Sunday, January 20, 2013

There was no GOP entitlement-cutting plan (Social Security, Medicare, Medicaid untouched)

Washington Examiner ^ | 01/19/2013 | Byron York

In the fights over the fiscal cliff and now the debt ceiling, many conservatives were adamant: Republicans should reach an agreement with President Obama only in exchange for serious cuts in entitlement spending. It is the entitlements — Medicare, Medicaid, Social Security — that will drive future deficits, the conservatives argued, and without real cuts, the nation’s debt will spiral out of control in the not-too-distant future.
Some Republican lawmakers have been stressing that point for weeks and demanding that the president agree to “real cuts” before any deal could be struck. But what has emerged from the House GOP retreat in Williamsburg, Virginia is that Republicans did not have an entitlement-cutting proposal to present to Obama in debt-ceiling talks, had the president ever agreed to negotiate with them. The talk about big entitlement cuts, at least in connection with a debt-ceiling agreement, was mostly talk.
Now, by deciding to pass a short-term debt-limit bill, and at the same time demand that Democrats pass a budget — something Senate Majority Leader Harry Reid has not allowed in nearly four years — Republicans have sidestepped the entitlement issue altogether, at least for a while. That might have been the GOP’s only option, since it had not agreed on an entitlement-cutting proposal.
House Republicans placed themselves on the side of entitlement reform when they voted for the Ryan budget. But the Ryan budget was a far-reaching, intricately interconnected plan that addressed not only entitlement spending but taxes and revenues and more. It was not a proposal that Republicans could just throw at the president and say, Here, this is our position. As for the actions on entitlements that might have been part of GOP demands for a debt-ceiling deal, says one participant in the Williamsburg meeting: “Long term, those have to be figured out. But my sense of that is that it is not going to happen in ten days.

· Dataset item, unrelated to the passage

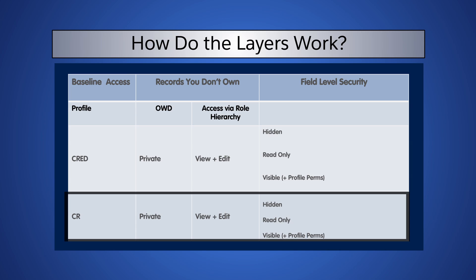If we mark the Commission field as Visible, since the profile does not provide edit permission, then in effect it is read only for this profile, since neither the role hierarchy nor field level security can grant a user more access than they have through their baseline permissions.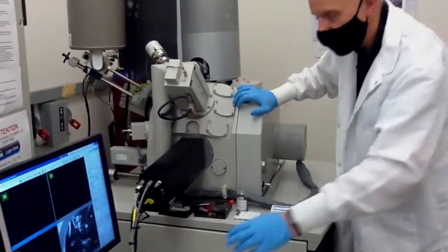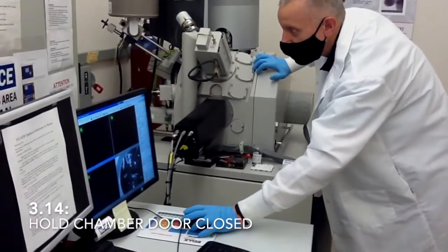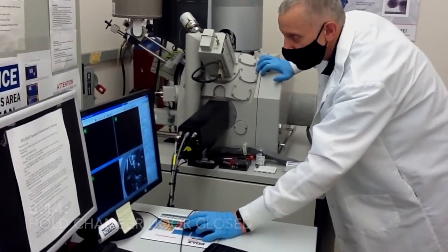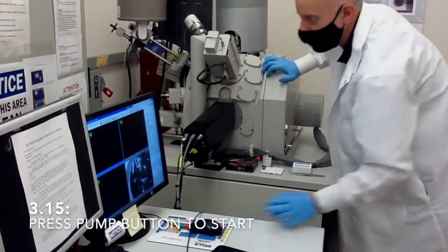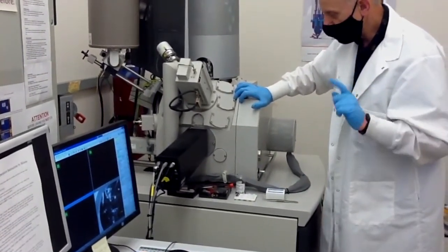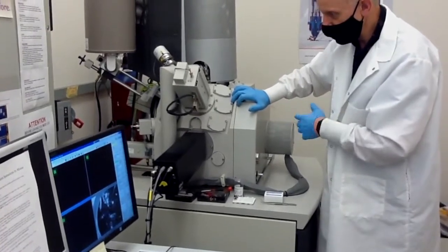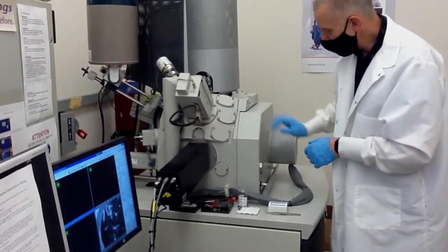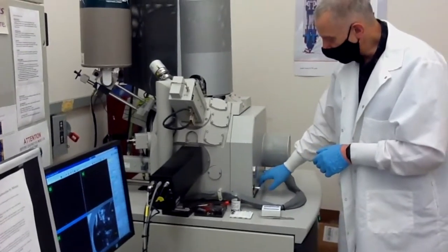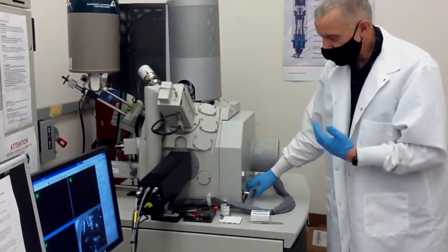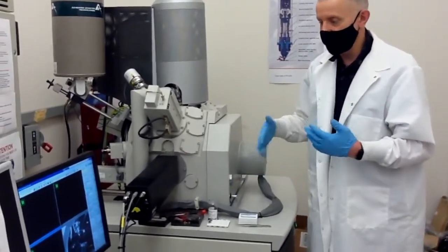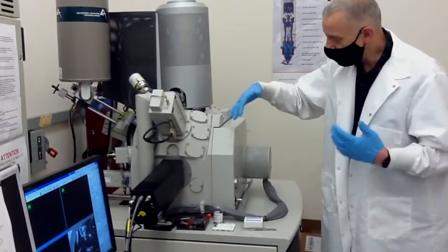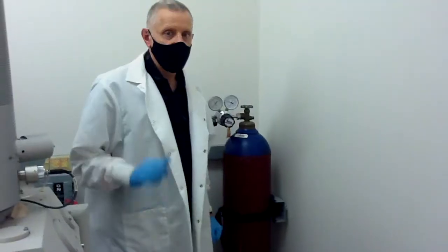So before you press the pump button, make sure that you hold the door initially just for a few seconds. And then start pumping. You should hear the valve closing and the system should start pumping. After a few seconds, the door is already tightly closed. You cannot open it anymore. And the pumping process has started.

This is complex, important.” In other words, there was no plan for major entitlement cuts as part of the debt-limit strategy.
Rather than come up with their own plan for extensive entitlement cuts, Republicans considered focusing on some smaller proposals that Obama has spoken of favorably in the past and has now abandoned. If the debate had reached a discussion of entitlements, it’s likely the GOP would have latched onto those and pushed for the president to live by his own words.
None of this means Republicans didn’t discuss among themselves some possible options for cutting entitlements. “There were a lot of discussions about cuts and what to cut,” says another Republican who has been involved in the process. “Fifty-five and above was discussed. What could we get and where were discussed.” But discussing does not mean agreeing on a plan. And the bottom line is that if President Obama had had an incredible change of mind and said to Republicans, “OK, you’re right. I will negotiate. And we need to cut entitlements. What’s your plan?” the GOP would have had little to offer beyond what Obama himself has already said.